Is the Unity of the Faculty Still Relevant?

Steven Lerman

One of the most important notions in MIT’s system of governance is the concept of the “unity of the faculty.” This idea is the foundation for why we expect each faculty member to teach, do research, and provide service to the Institute and the larger community.
We all understand that the amount of time any of us spend on each of these activities in any one year will vary widely, and that some of us will do some things better than others. However, the unity of the faculty is the philosophical foundation for many of the decisions we make, including why we don’t have faculty appointments that are purely for teaching or research, and why in tenure and promotion we value contributions to each of the three major areas of faculty work. It is also why decisions such as the determination of what should be in the undergraduate educational commons and individual departmental degree requirements require a vote of the entire faculty, not just approval of separate departments and schools.

The spirit of the unity of the faculty also encompasses the idea that faculty have a shared sense of mission for the entire university.

Some have argued that we have become so specialized in our work that the idea of faculty unity has become antiquated and honored in words rather than in deeds. These skeptics see little evidence that the philosophy of the unity of the faculty is manifested in how MIT actually works, and they are sometimes cynical about the processes of faculty governance, in which the notion of a unified faculty should be most evident. I believe, however, that there are compelling counterexamples that make a convincing case that the idea of our working as a single faculty towards important goals remains alive and well.

We all accept that, day-to-day, most of our efforts will be directed toward teaching, research, and service in our individual departments, labs, and centers. This is where MIT’s core strengths (and those of our peer universities) lie. The idea of the unity of the faculty doesn’t mean that large numbers of us will spend all of our time working towards centrally-decided goals. However, to be useful, the notion of unity does involve some level of engagement by many of us in activities that transcend department, lab, and center boundaries. I offer two examples where the concept of faculty unity has manifested itself.

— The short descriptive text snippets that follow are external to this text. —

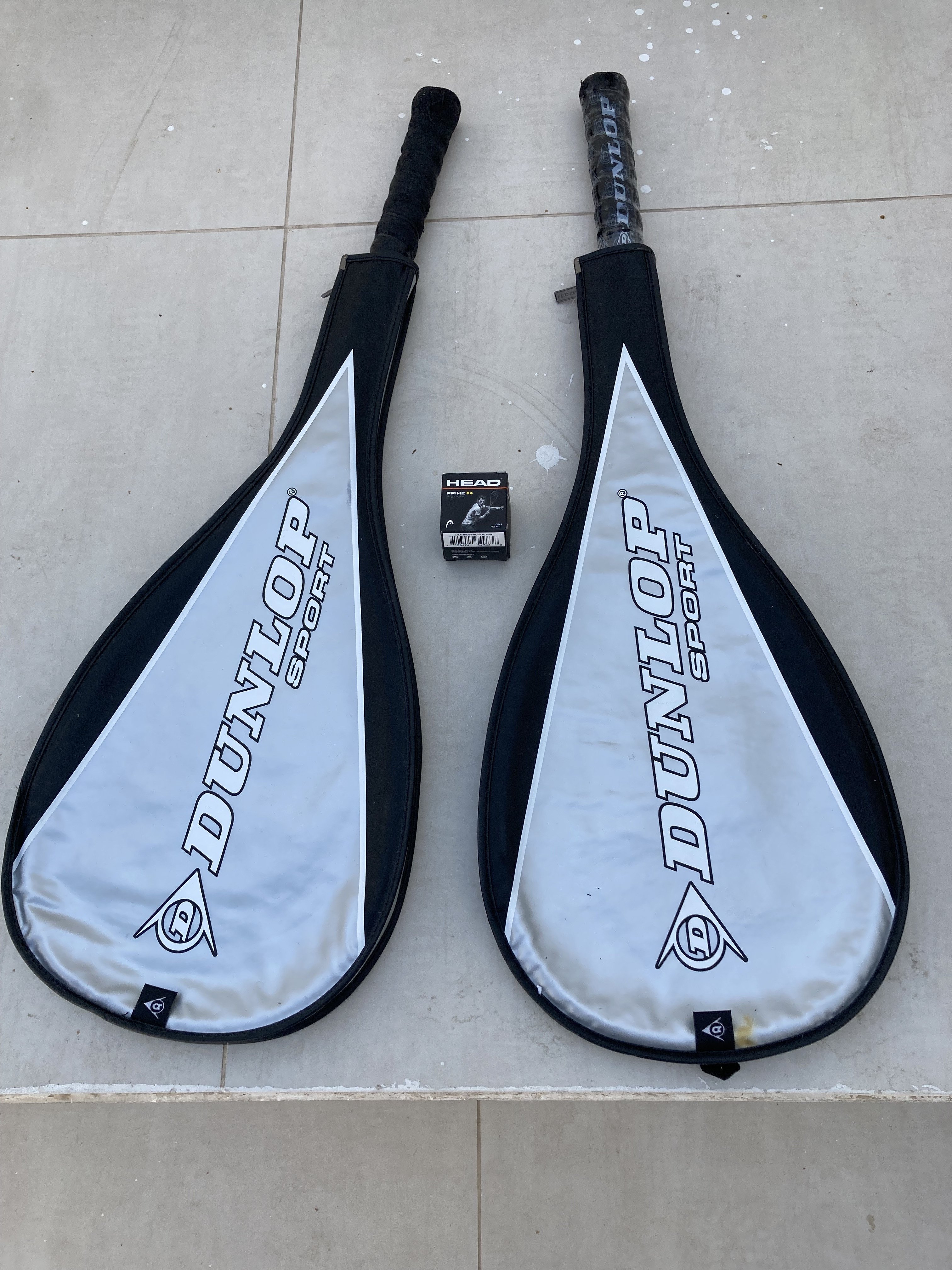 Set of two squash rackets + ball - Image 2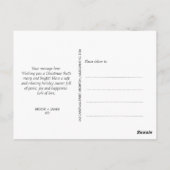 Drie foto's Modern minimalistische kerst Briefkaart (Achterkant)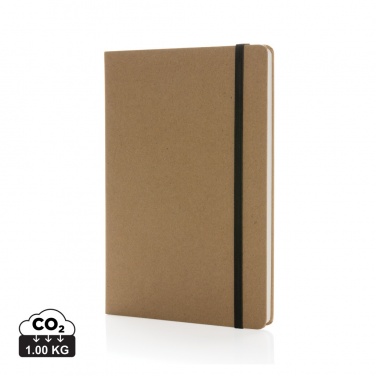 Logotrade promotional product picture of: Craftstone A5 recycled kraft and stonepaper notebook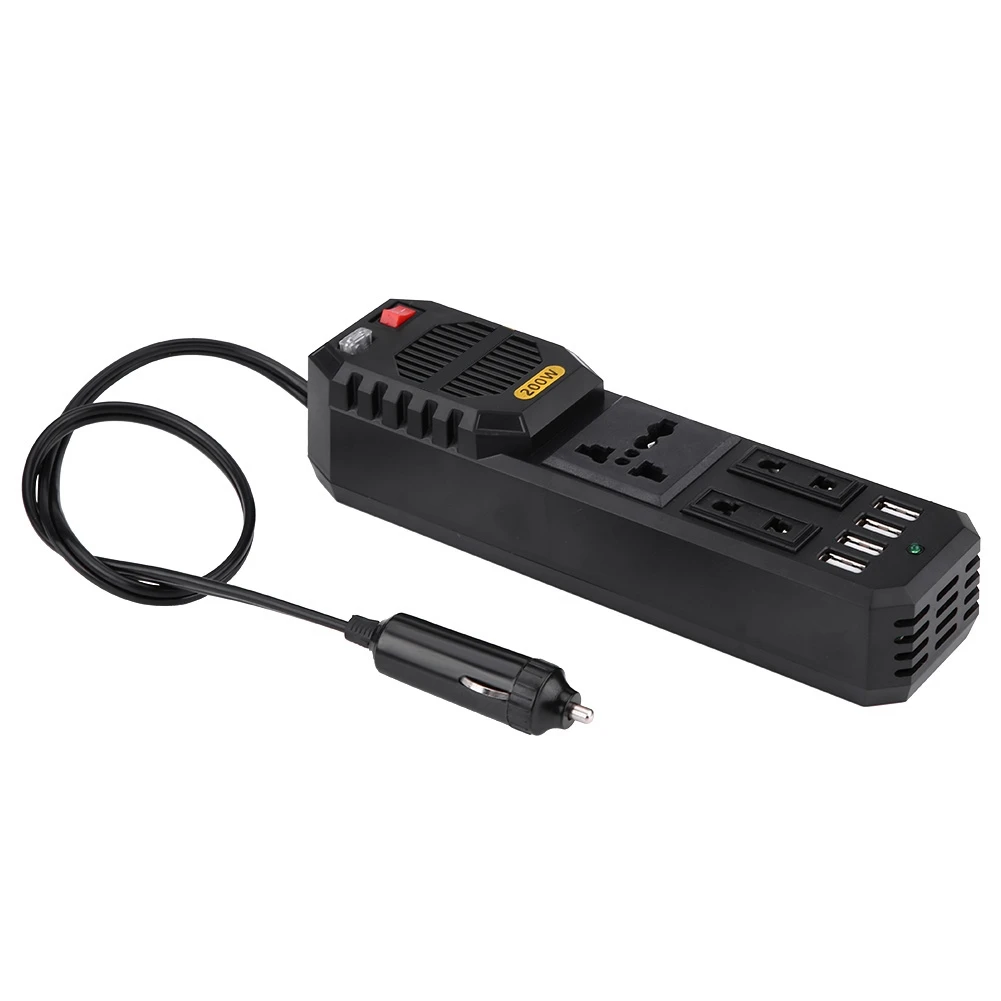 200W DC 12V to AC 220V Car Power Inverter Converter Cigarette Lighter USB Charger Universal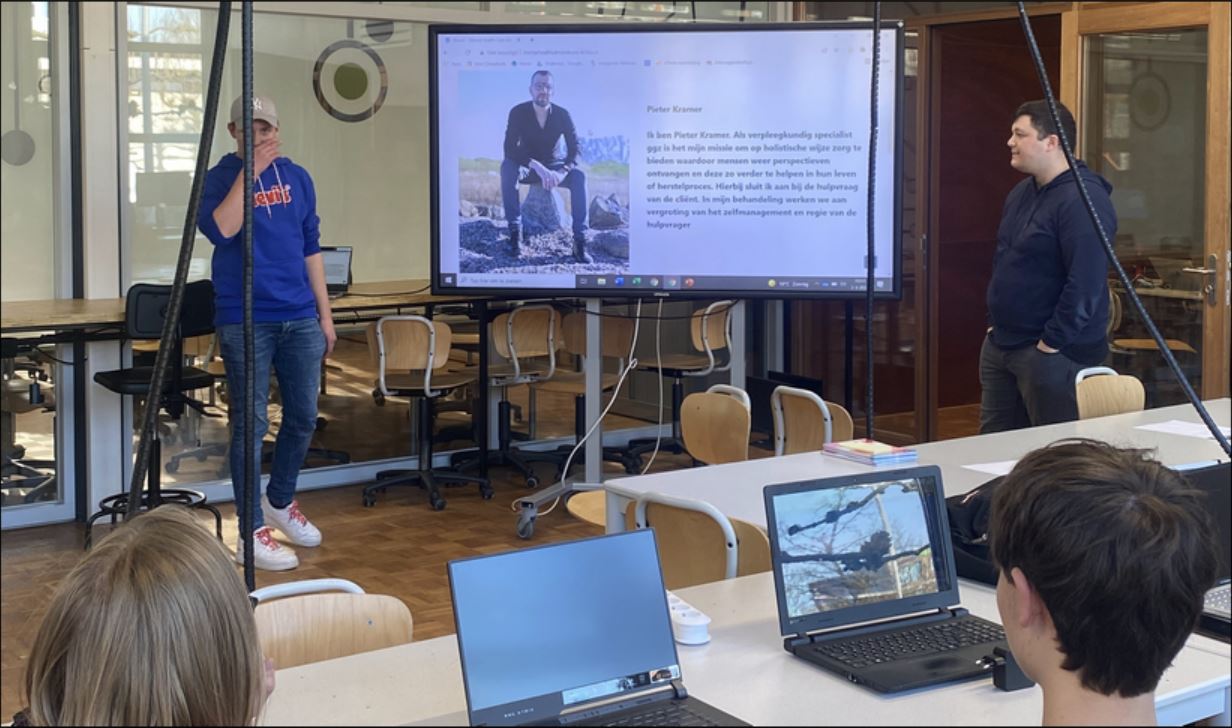 Studenten bouwen websites voor ondernemers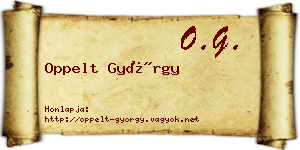 Oppelt György névjegykártya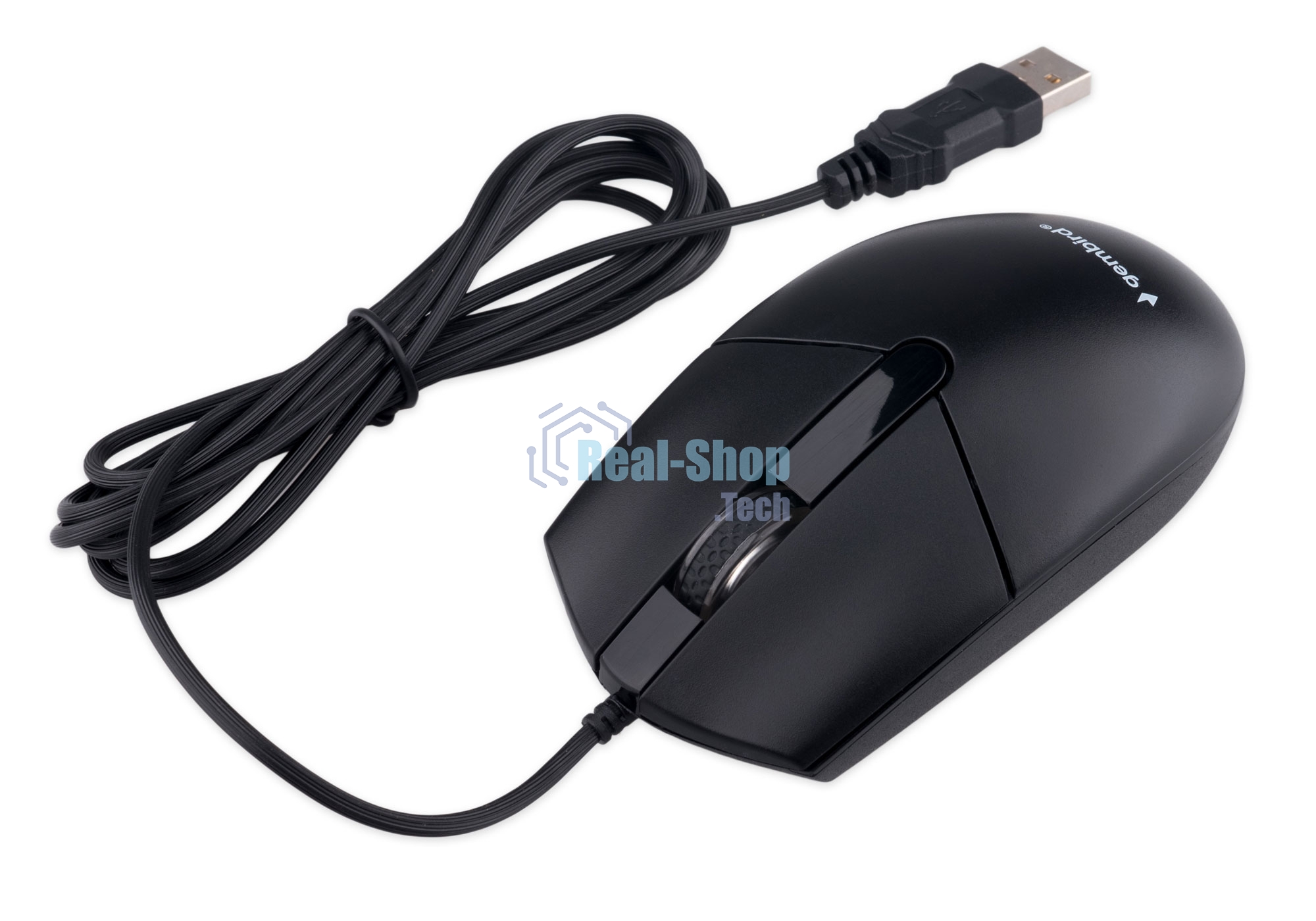 Комплект клавиатура+мышь Gembird KBS-9050L проводной, USB, 1000 DPI, чёрный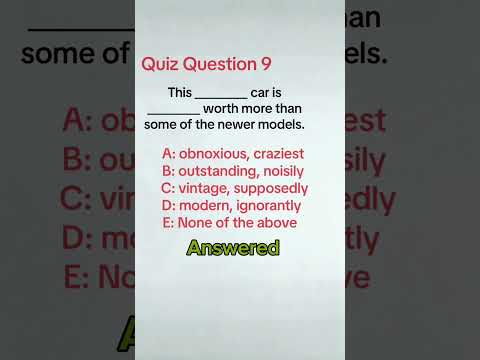 Quiz Question 9 Answered #englishgrammar #englishquizchannel #grammarbasic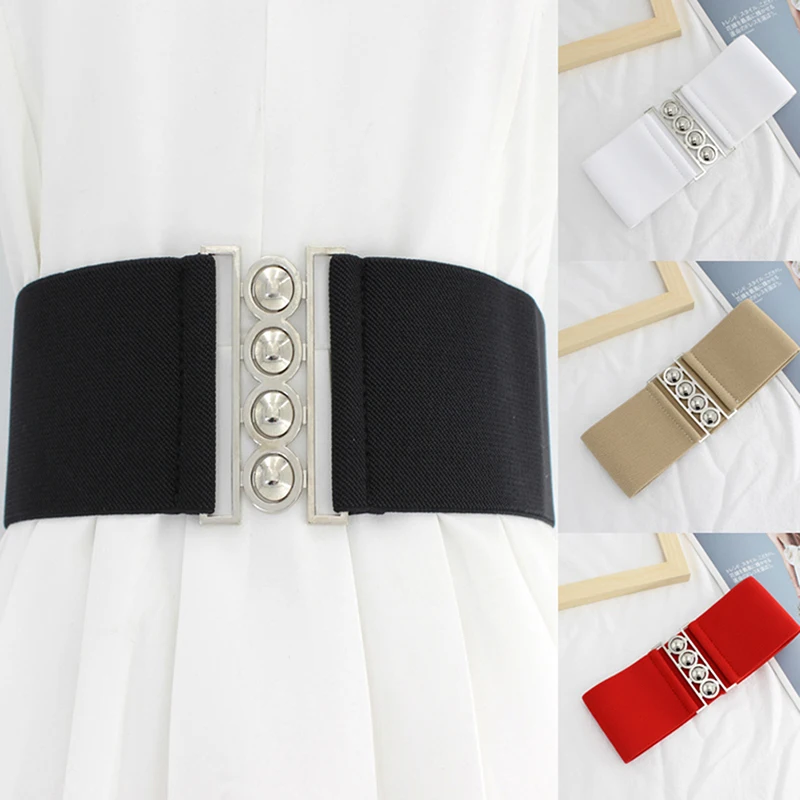 

Fashion Women Retro Belt Elastic Waistband Dress Accessories Girls Waist Seal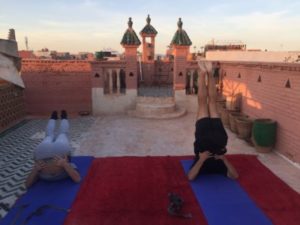 Medina Yoga class Marrakech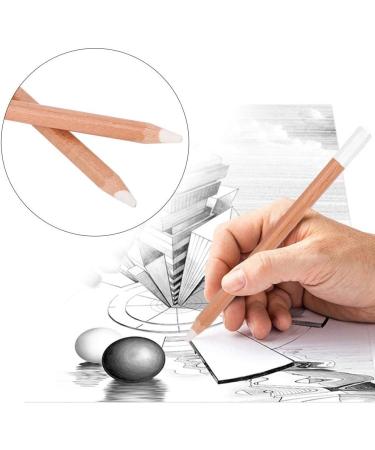 Professional White Coal Sketch Pencils - 2PC Set for Artists | Premium Drawing Supplies & Stationery - Buy Online on SooperMarket.com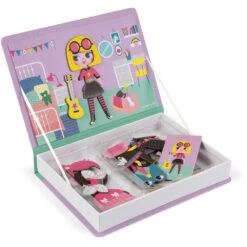 JANOD Magneetboek Kostuums Meisjes 3 Jr+ -Beste Speelgoed Winkel janod magneet boek kostuums meisjes 112718 c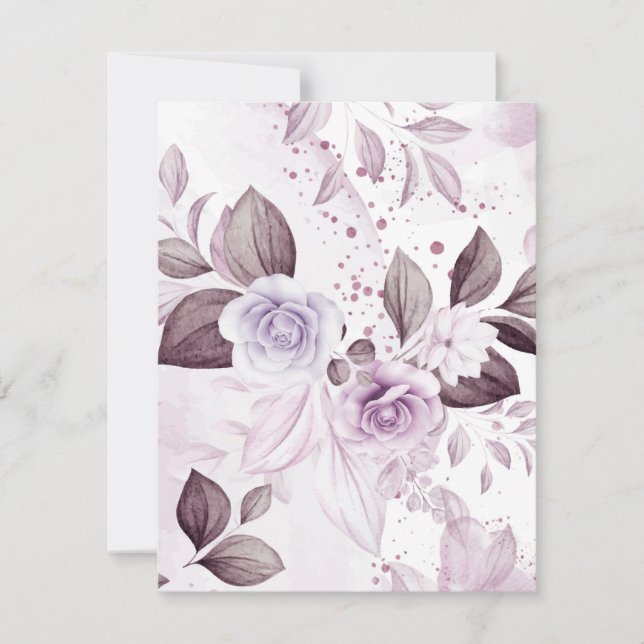 Watercolor Roses 2 Card (Front)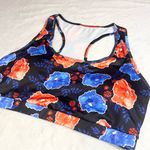 SheIn Blue & Red Floral Sports Bra Size 3XL Fitness Workout Activewear Comfort Outdoor Photo 3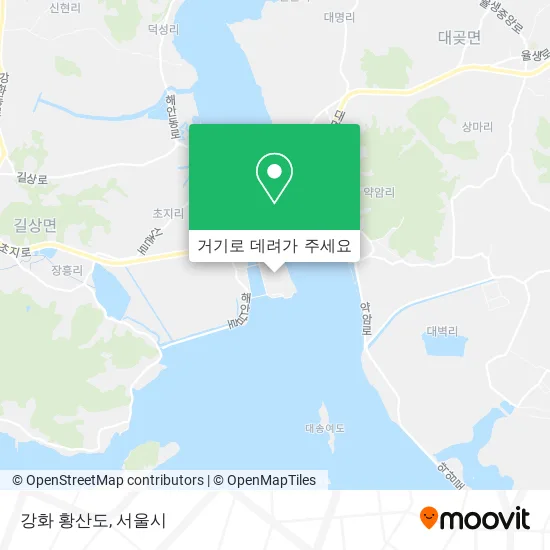 강화 황산도 지도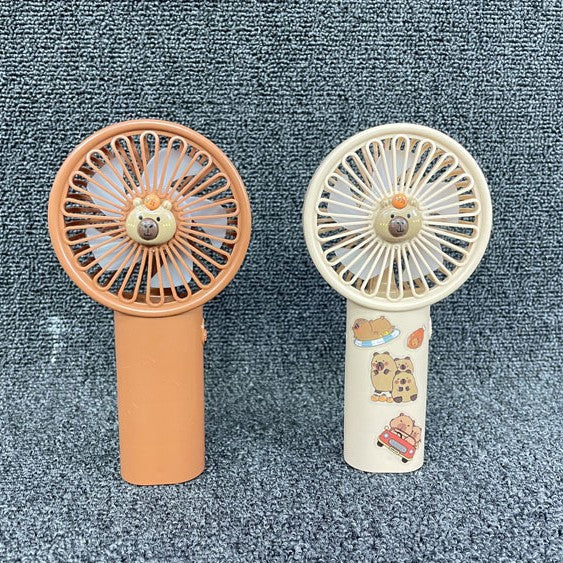 Unisex Portable Hand Fan with Cute Animal Design and USB Charging Function Stornfield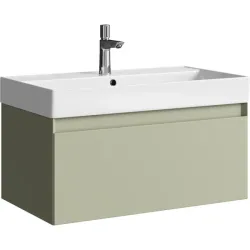 Подвесная тумба Aqwella Geometria 81x45x48 см (ШxВxГ) Зелёный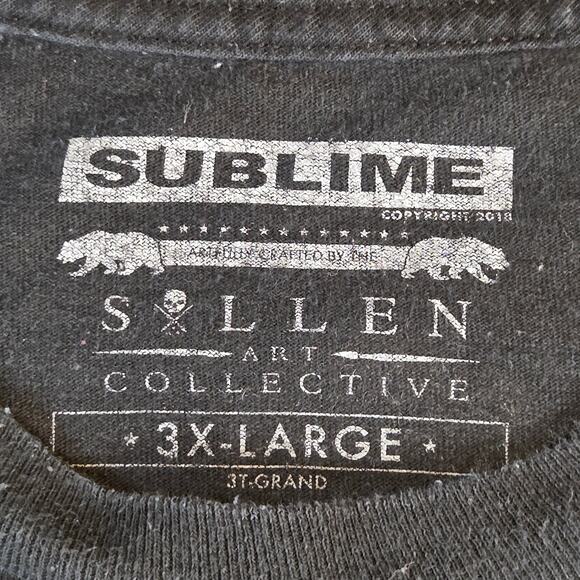 Sublime Sullen Collective Concert Tee 3XL 2018 Band Shirt Black - Picture 6 of 12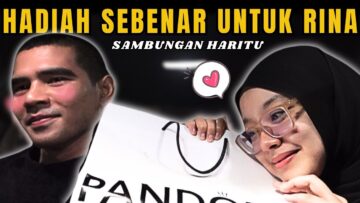 HADIAH YANG BEMAKNA UNTUK RINA !! RINA MENANGIS KEGEMBIRAAN !!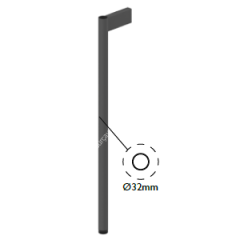 32mm Modüler Masa Ayak Seti 80cm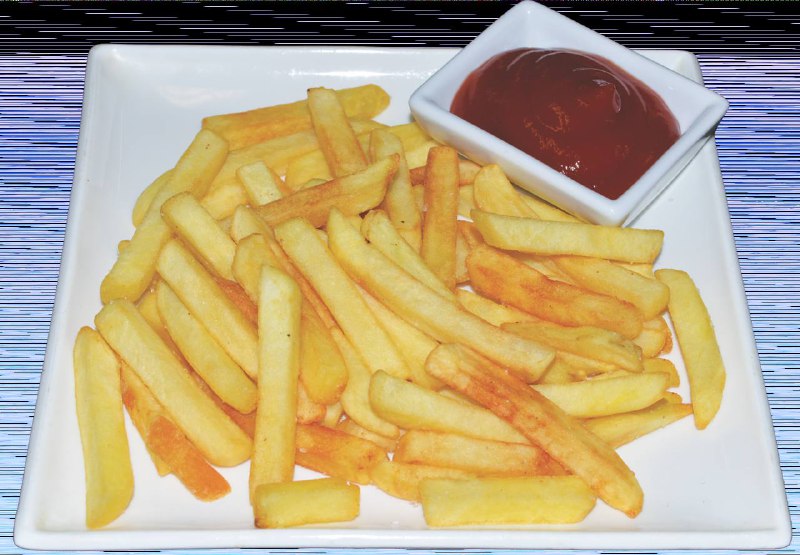 French Fries With Ketchup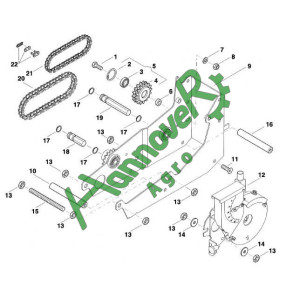Зірочки ланцюга Z = 20 -Позиція 4 -AC827937 АС827937, Kverneland , Квернеланд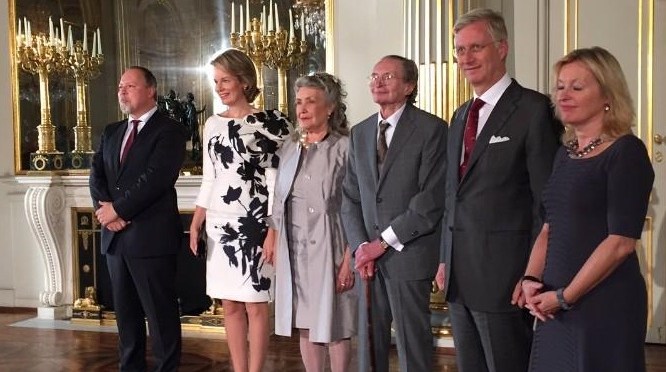 TMs King Philippe and Queen Mathilde of Belgium Attend an Award Ceremony.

The Undergraduate Educational Commons

The first and most current example is the way in which many of us have become actively involved in the discussions about the recommendations of the Task Force on the Undergraduate Educational Commons. It is clear that faculty feel strongly about what goes into the undergraduate commons. Discussions about what every student should know before graduating are happening all over campus. The intensity of these discussions reflects just how important the common experience is to us. Some see this intensity as worrisome and are concerned that it may lead to divisions among us.
In perhaps a naïve way, I hold a completely contrarian view. For me, the intensity with which we are debating changes in degree requirements and other aspects of the Task Force’s recommendations is heartening. Whether we acknowledge it or not, at least when we’re considering the MIT undergraduate program, the spirit of faculty unity is alive and well.  The passionate debate over the issues that the Task Force has raised is a credit to MIT and a healthy repudiation to the commonly held idea that professors in research universities don’t care about undergraduate education anymore. The fact that each of us feels empowered to be involved in the discussions about the entire undergraduate experience, rather than just our own department’s degree programs, reflects a sense of unity that, in my view, is healthy.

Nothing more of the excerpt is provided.